A bancada da oposição espera ter nos próximos dias um encontro reservado com Motta para que o pedido de urgência entre na pauta da Câmara antes do recesso parlamentar a partir de 18 de julho. A expectativa é de que os deputados façam um esforço concentrado na próxima semana, mas ainda não há consenso sobre quais temas serão ou não pautados. A próxima reunião de líderes está prevista para quinta-feira (17). 

"A anistia é a nossa prioridade, vamos trabalhar para apresentar um texto ao presidente Hugo Motta e colocar ele em votação antes do recesso", disse Luciano Zucco.  

Em abril, o partido de Zucco protocolou um requerimento de urgência para o projeto de lei com mais de 250 assinaturas dos parlamentares. Apesar disso, Motta acabou articulando para que o pedido não fosse levado ao plenário naquela ocasião. A proposta inicial prevê uma anistia ampla a irrestrita aos condenados pelos atos de vandalismo na Praça dos Três Poderes e poderia beneficiar o ex-presidente Bolsonaro, réu no Supremo Tribunal Federal (STF) no caso da suposta tentativa de golpe de Estado.

Em maio, em uma nova tentativa de convencer o presidente da Câmara a dar andamento ao projeto da anistia, o líder do PL na Câmara, Sóstenes Cavalcante (RJ), apresentou uma nova versão do texto. A nova proposta diz que ficam anistiados dos crimes contra o Estado Democrático de Direito “as pessoas físicas que tenham participado diretamente de manifestações ocorridos no dia 8 de janeiro de 2023, em Brasília, que resultaram depredação de patrimônio público e privado”. 

Nos bastidores, parlamentares do partido de Bolsonaro avaliam que esse momento de desgaste do governo Lula pode ser justamente uma "janela de oportunidade" para convencer o presidente da Câmara destravar o projeto da anistia. O Palácio do Planalto é um dos principais articuladores para que Motta não leve o tema para votação na Casa. 
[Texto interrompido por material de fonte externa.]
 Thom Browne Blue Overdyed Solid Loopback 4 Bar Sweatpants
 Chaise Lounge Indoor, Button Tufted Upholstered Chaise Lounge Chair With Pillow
Em outra frente, a oposição também quer aproveitar o momento para emplacar um nome da direita como relator da CPMI sobre as fraudes no INSS. O colegiado só vai entrar em funcionamento no mês de agosto, mas os partidos já negociam os nomes dos deputados e senadores que serão indicados. 

O governo teme justamente que uma maioria da oposição dentro da CPMI acabe ampliando o desgaste de Lula no escândalo sobre os descontos irregulares dos aposentados e pensionistas do INSS. O esquema, segundo investigações da Polícia Federal (PF), teria resultado em desvios de mais de R$ 6,3 bilhões ao longo dos últimos anos.

Neste cenário, a indicação sobre o deputado que será o relator entrou na mesa de disputa entre o governo e a oposição. O nome será escolhido por Motta e, até o momento, o presidente da Câmara não bateu o martelo sobre sua posição. Entre os cotados da oposição estão nomes como Caroline de Toni (PL-SC), Nikolas Ferreira (PL-MG) e Coronel Fernanda (PL-MT). A presidência será de Omar Aziz (PSD-AM), um senador próximo ao Planalto.